Pragmata isn’t the only game where this tension has been present. I also recently sat down to finally enjoy Dispatch, Ad-Hoc Studio’s spiritual successor to the adventure game format that Telltale Games revolutionized back in the 2010s. Though its quick-time events and dialogue choices are admittedly a little more sparse than I’d initially expected, I was drawn into the game’s titular activity: dispatching.
With a map of the city and a retinue of superfailures—Dispatch charges the protagonist Robert Robertson with rehabilitating a team of villains-turned-heroes so low on the totem pole they are dubbed “the Z-Team”—it was my responsibility to field emergency calls. I’d send out the appropriate heroes based on several of their skills, including charm, intellect, strength, and speed, as well as flavor text that often nudged one’s choice in a certain direction.

Much like Pragmata, though, I found I was comically bad at this bit of Dispatch, even though I found it the most riveting. I regularly dispatched heroes to jobs they were unsuited for, stalling my team’s progression in the early-to-mid game. Many were injured and occasionally downed from successive mismatches on my part. I would at times send too many heroes on a single job, and have no one left over to field another emergency, resulting in missed calls and chances to net XP. And before you think “Part of Dispatch’s narrative revolves around this group’s growing pains, often resulting in the failures you’re mentioning,” let me simply add that my end-of-episode stats regularly stated that I only performed better than about 10 percent of the game’s entire audience during these dispatch sequences.
10, goddamn, percent. I was god awful at Dispatch’s main mode of gameplay up until the concluding chapters, at which point I’d finally developed the know-how to, at my best, rank higher than the bottom 30 percent.
And yet, the tension of sucking did lead to an unintended dovetailing of narratives. Whereas it seemed like many other players found their groove early on, my ability to efficiently lead the Z-Team coalesced alongside the likes of Flambae, Invisigal, and Malevola finally setting aside their differences with each other (and Robert) and finding their footing. Statistically, my best shift on the job came near the end of Dispatch’s story, at a time where my team and I needed each other the most. We showed up.
I’ve taken a shine to challenging games that wind up requiring a lot of the player. I’m a sucker for a From Software game, and I worked my ass off and lost sleep to beat the masochistic bosses hidden in both the “true” endings of Hollow Knight: Silksong and Nine Sols. I’m quite good at getting good at those kinds of games. But it felt almost as rewarding to never quite surmount the high walls posed by both Pragmata and Dispatch. To not be wired for them and still come up against their challenges. To barely squeeze by and finally catch a breath on the other side of some thrilling gauntlet or exchange.

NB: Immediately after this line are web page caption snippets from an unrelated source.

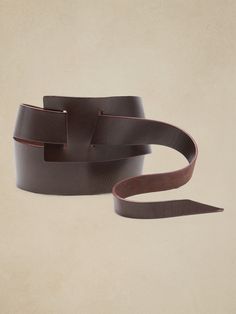 Effortlessly cool and distinctive, we pulled inspiration from the archives to craft this versatile leather belt using a pull-through design to cinch in at the waist.  A tapered design streamlines the draped ends.  Widest width: 3" (8cm) Narrowest wid Winter Work Attire, Women's Belts, Winter Work, Fall 23, Belt Leather, Family Event, Pull Through, Work Wardrobe, Work Attire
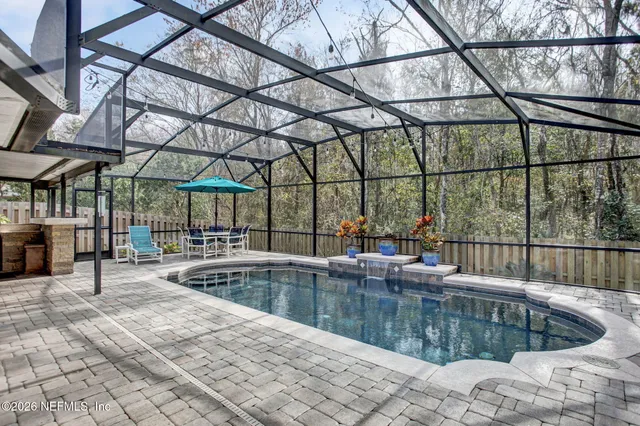 a view of a swimming pool with a patio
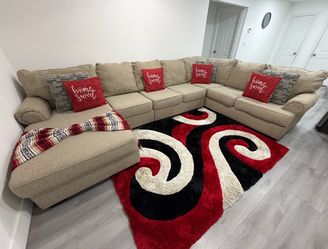 Ashley Furniture "Baceno” 4-Piece Modular Sectional With Chaise. (DELIVERY AVAILABLE).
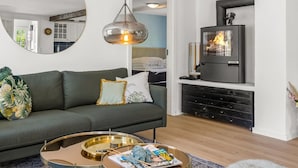 Una sala de estar moderna con sofá, una mesita redonda, chimenea y un espejo en la pared.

Games are engineered and designed around the conceit of winning. We all love to beat a game, and that’s what I did in the case of both these titles. But in Pragmata, failure and its fruits were a more rewarding prospect than outright success. In Dispatch, failing paved the way to deepening my kinship with my assorted gallery of fuck-ups, and made the game’s resolution all that more effective and moving. Maybe winning isn’t always the be-all and end-all of the video gaming experience. Maybe there’s a rich trove of opportunities in exploring loss and failure as consummately as the medium chases the taste of victory. But that’s just this loser’s take.